Analysis of Variance (ANOVA)

Let’s say you want to find out if the beverage that people drink affects their reaction time. So you set up an experiment with three groups of people. The first group gets water to drink. The second group gets some sugary fruit juice, and the third group gets coffee. Now you test everyone’s reaction time, and you want to know if there’s any difference in reaction time between the groups. The null hypothesis says that the mean reaction time for all three groups is the same. If there were only two groups, you could use a T test to find out if there’s a difference between them. But when you have three groups or more, you need to use a different approach: the analysis of variance.

When you do the experiment, the scores won’t all be the same. The total variation of all the scores is made up of two parts. The variation within each group, because the people in each group have different reaction times, and the variation between the groups, because the drinks you gave each group are different.

Here’s an example: Look at this set of scores. They’ve been sorted into order to make it easier to see the patterns. You can see that there’s a lot of variation within each group. Some people are faster and some are much slower. But all the groups look pretty much alike. There’s not much variation between the groups. In this case you’d say that most of the difference is due to the people, and the drink didn’t make much of a difference. You would accept the null hypothesis that the type of drink doesn’t have any effect on reaction time.

Now let’s look at a different set of numbers. In this case, all the scores within each group are very close to one another. There’s not a lot of variance within each group. But the groups are very different from one of another. There’s a lot of difference between the groups. In this case, you would reject the null hypothesis. In this case, the type of drink makes a big difference.

So here’s the idea behind analysis of variance: Figure out how much of the total variance comes from the between groups variance, and the within groups variance. Take the ratio of between groups to within groups of variance, and the larger this number is, the more likely it is that the means of the groups really are different and that you should reject the null hypothesis.
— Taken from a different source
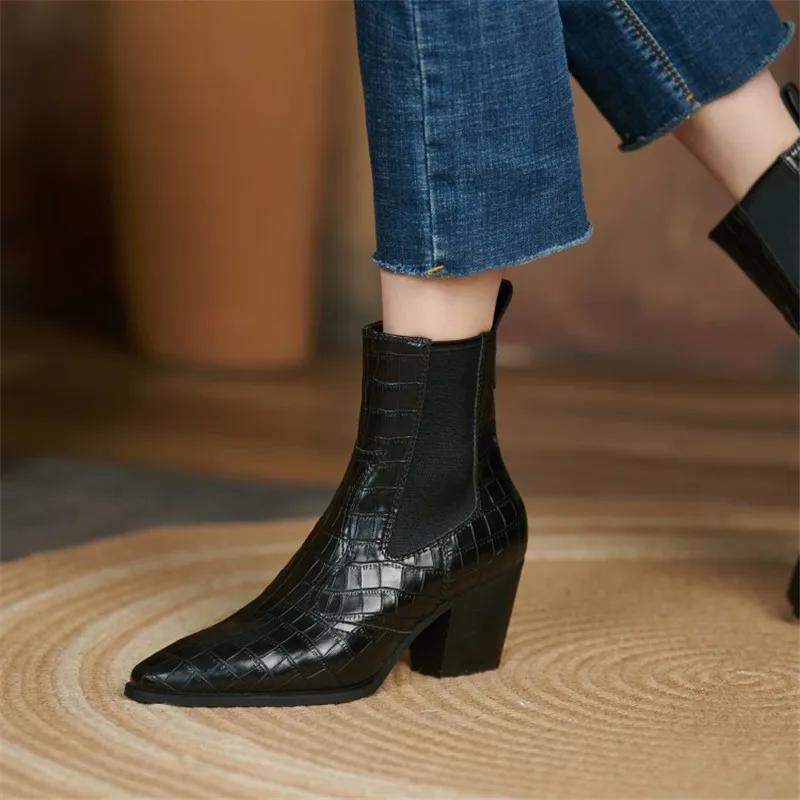 Mode 2024 Nya Höst/Vinter Damstövlar Spetsig Tå Tjock Klack Korta Stövlar Mode Chelsea Boots Skor för Kvinnor Höga Klackar 34-42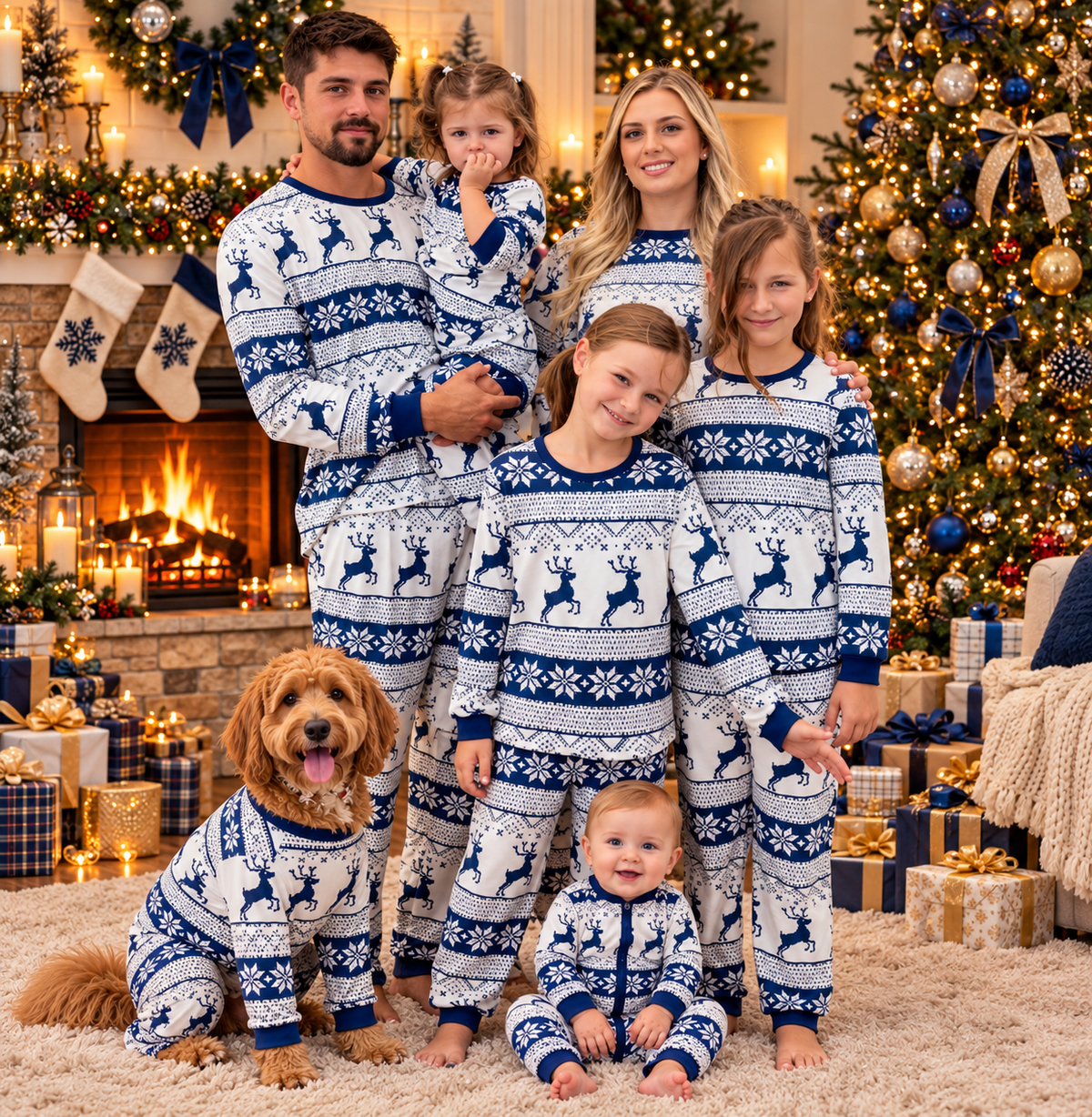 Navy Reindeer Fair Isle Matching Family Christmas Pyjamas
In the examples, it was obvious where the variance was. Now look at these numbers. You probably can’t tell if there’s a significant effect because it’s not clear whether there’s more variance within groups, or between groups, or how much. The calculations show that the ratio is 4.27, which has a probability of 0.04. So in this case, you can reject the null hypothesis. With these numbers, the drink you give the people does have an effect on their reaction time.

What’s that two comma 12 doing there? Those are the degrees of freedom for variance between groups and variance within groups. And here’s how you calculate the degrees of freedom when you report results for analysis of variance.

This trick of separating the variance not only works when you have three or more groups; it also works when you have multiple variables. For example, if you test three groups for reaction time in the morning, and you test another three groups in the evening, an analysis of variance can tell you if there’s a significant effect for the type of drink, or if the time of day makes a difference, or if there’s some interaction. For example, coffee might be more effective in the morning than in the evening.

So to recap, here’s the main idea of analysis of variance: You figure how much of the total variance comes from between the groups, and how much comes from within the groups. If most of the variation is between groups, there’s probably a significant effect. If most of the variation is within groups, there’s probably not a significant effect.